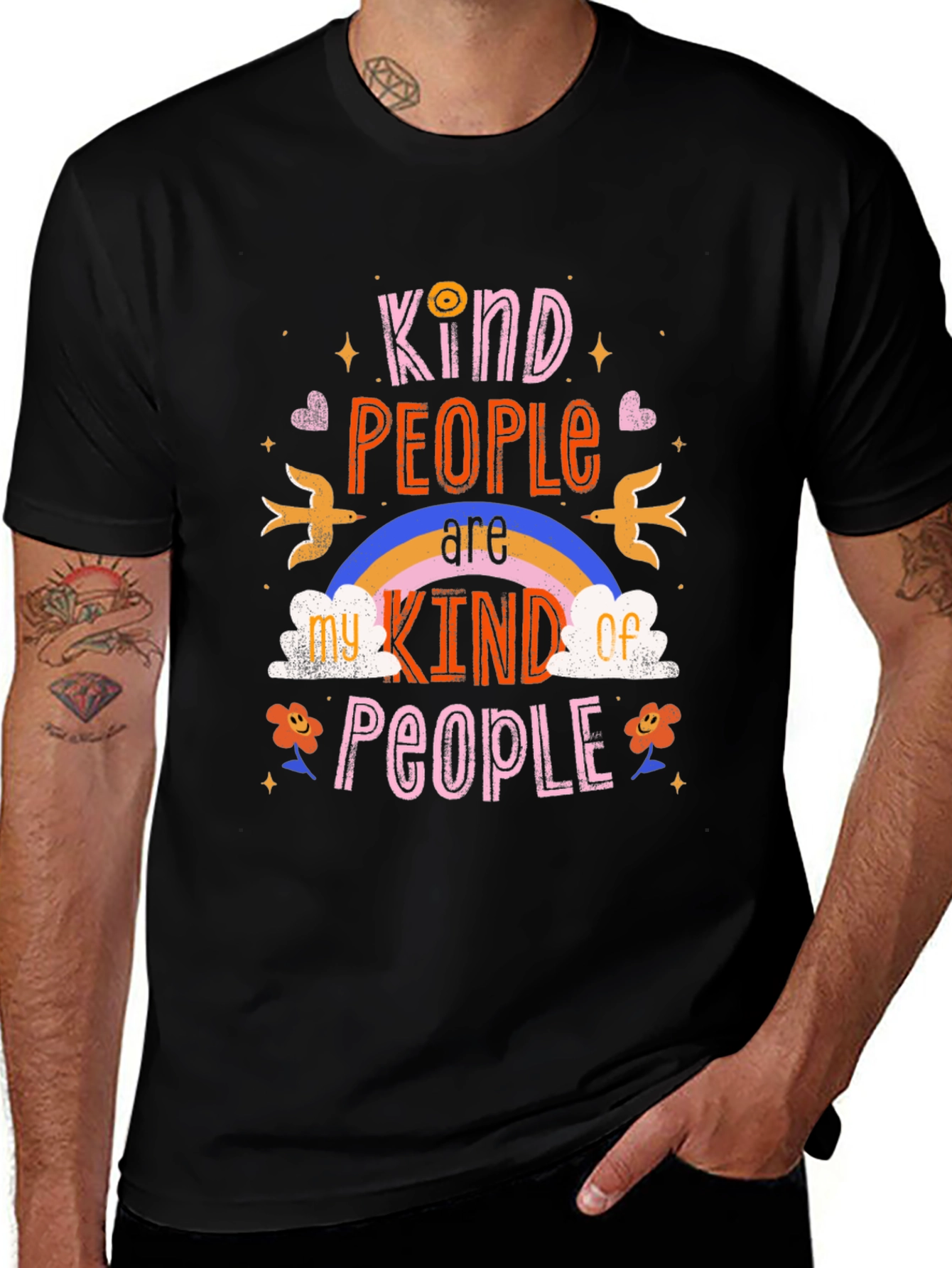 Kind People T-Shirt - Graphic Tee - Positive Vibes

####

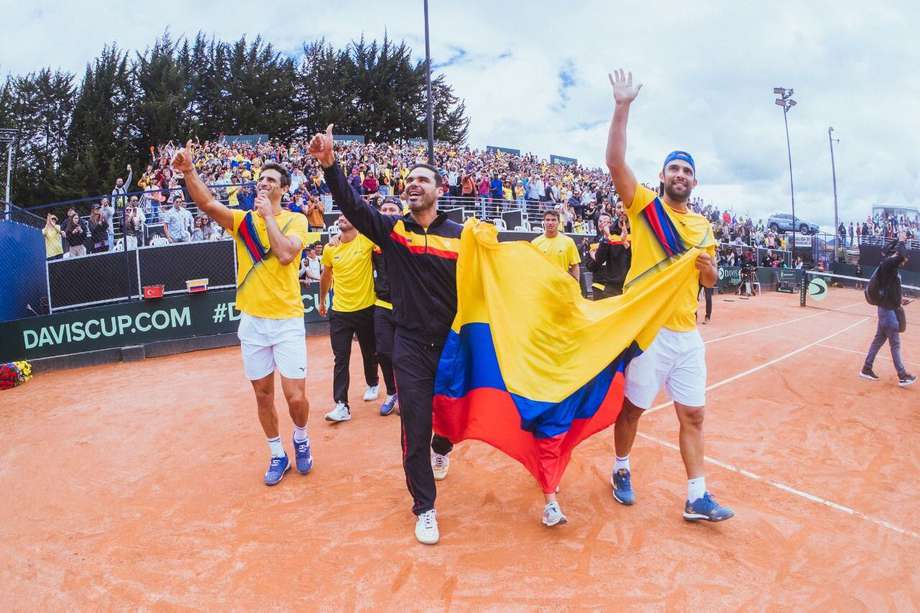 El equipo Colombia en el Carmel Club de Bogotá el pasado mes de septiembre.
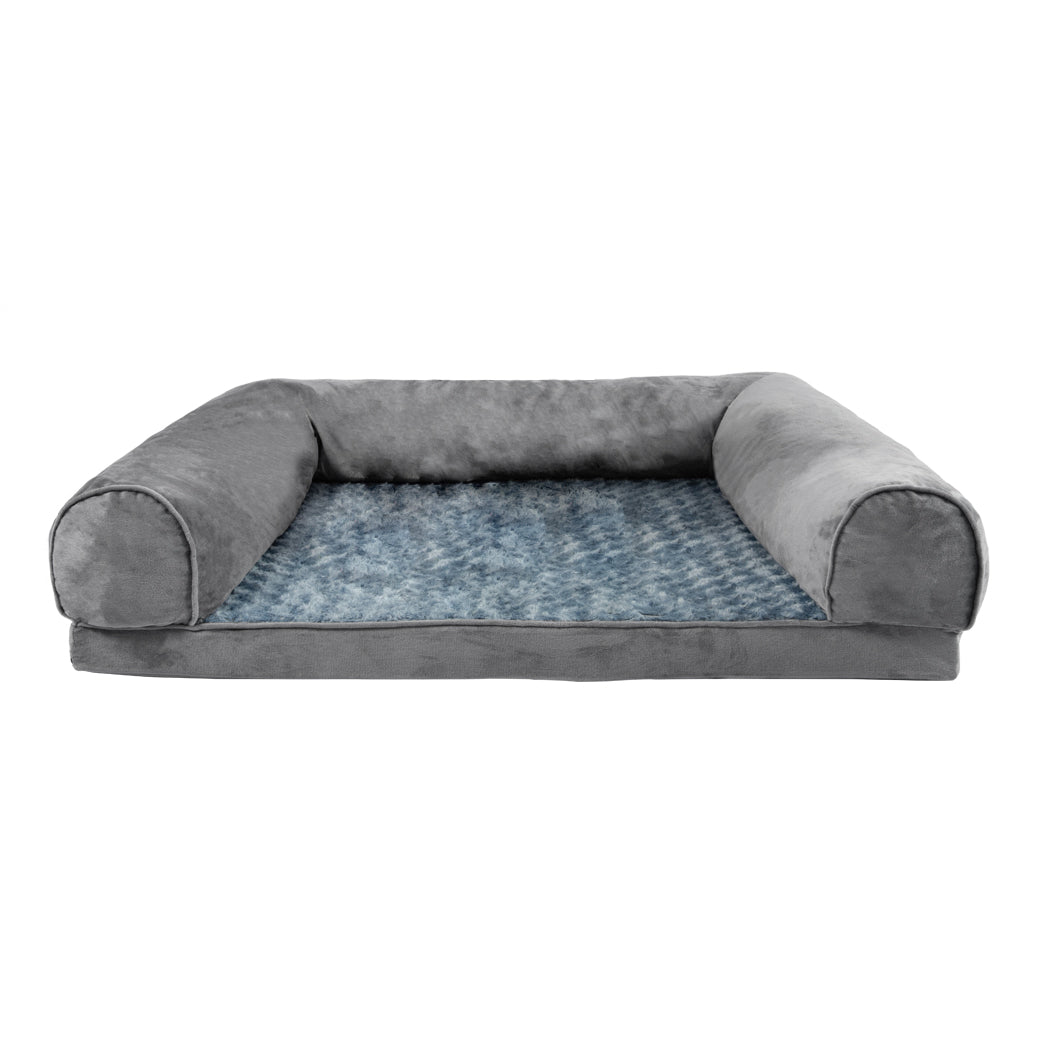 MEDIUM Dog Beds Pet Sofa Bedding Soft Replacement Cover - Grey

####

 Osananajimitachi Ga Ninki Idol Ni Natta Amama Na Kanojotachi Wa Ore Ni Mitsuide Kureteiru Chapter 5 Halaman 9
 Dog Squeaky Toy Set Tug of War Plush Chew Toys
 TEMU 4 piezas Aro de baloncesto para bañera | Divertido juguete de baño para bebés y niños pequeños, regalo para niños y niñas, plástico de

####

▶ **Assigned task**: Produce only the lines from the line containing "Dog Squeaky Toy" through the line containing "TEMU 4 piezas", inclusive of both, exactly as they stand in the entries above.

▶ **Task response**:
 Dog Squeaky Toy Set Tug of War Plush Chew Toys
 TEMU 4 piezas Aro de baloncesto para bañera | Divertido juguete de baño para bebés y niños pequeños, regalo para niños y niñas, plástico de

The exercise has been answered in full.